Wednesday, August 30, 2000, 12:10:19 PM, you wrote:

DV> On Wed, Aug 30, 2000 at 11:31:47AM +0200, Stefan Bambach wrote:
>> DV> Or EUC-JP if you're japanese or ISO-8859-2 if you're russian, etc ...
>> DV> Yes libxml is now consistant independantly of the kind of input.
>> I have to store some data from the XML file in MySQL. It's enough to
>> store it as 8859-1, because I know that the system is intended for
>> germans only :-) So I don't need all features.

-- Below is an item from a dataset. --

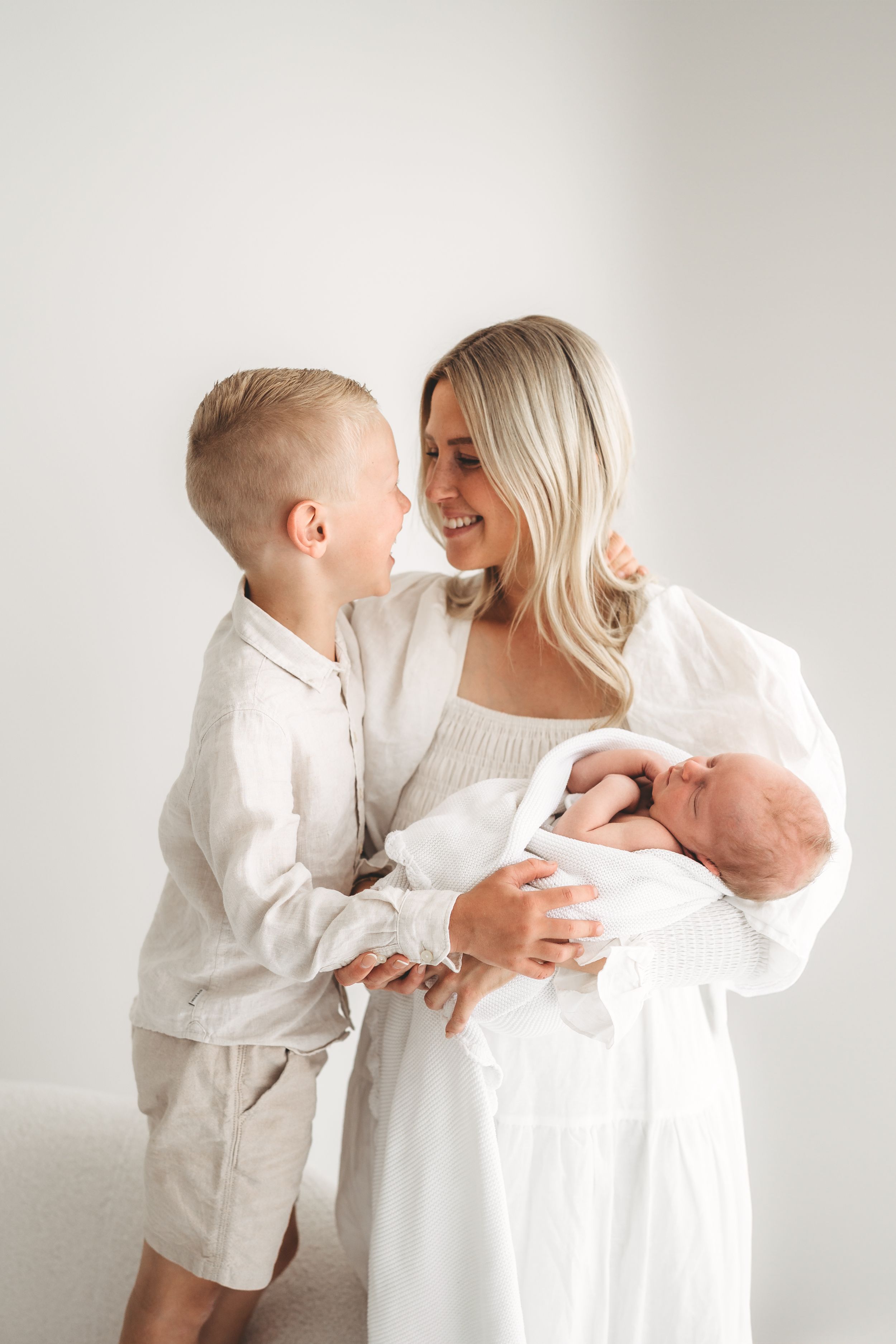 Smiling mother in white dress holding newborn baby while young son leans in to kiss her.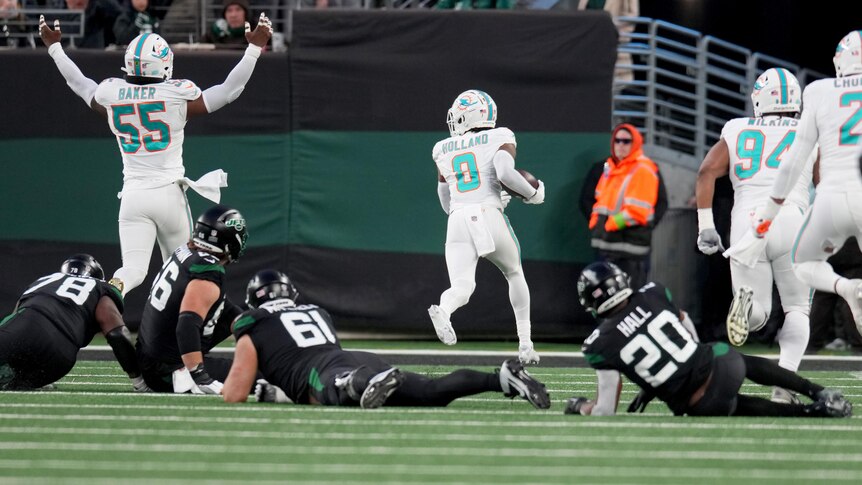 A Miami NFL player runs the ball into the end zone, as his teammate raises his arms, and opposition players lie on the ground.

DV> Just to give you an example, I'm french and we are supposed to use
DV> ISO-8859-1, except it lacks the o-e ligature œ character. You're
DV> lucky if all your data can be expressed with ISO-8859-1 :-)
Yes I am :-)

>> Yesterday, I used the UTF8toisolat1() function to do the job for me (I
>> have to convert each value I read from DOM tree by myself). Is there I
>> function like xmlNodeListGetString() with an additional parameter, the
>> encoding string, and I get the String as I need it ?

DV> Hum ... it's not that simple. This would work well with ISO-8859-1
DV> but a lot of character encoders need to maintain a state, which means
DV> that if we fallback to iconv we should try to keep the same encoder
DV> and not open/convert/close for each operation (iconv potentially
DV> ends-up looking for a shared lib and loading it when requesting a new
DV> encoder, this may become very heavy, very fast). So the function should
DV> rather had an xmlCharEncodingHandlerPtr as the second argument.
DV> I will look into this,
Fine.

Are there other similar functions for reading out the content of
tagnames, tagvalues, attributenames, attributevalues, ... ? Most of
the thing I get with 'node->name' or something like this. This is no
nice way of programming such critical code :-(

Personal question:
Where did you come from ?
You answer my question very fast. So is libxml your working place ?
Or is it only your personal pleasure ?

Some other changes in my libxml2.2.2 Version:

Please check it, if you want to place it in your cvs !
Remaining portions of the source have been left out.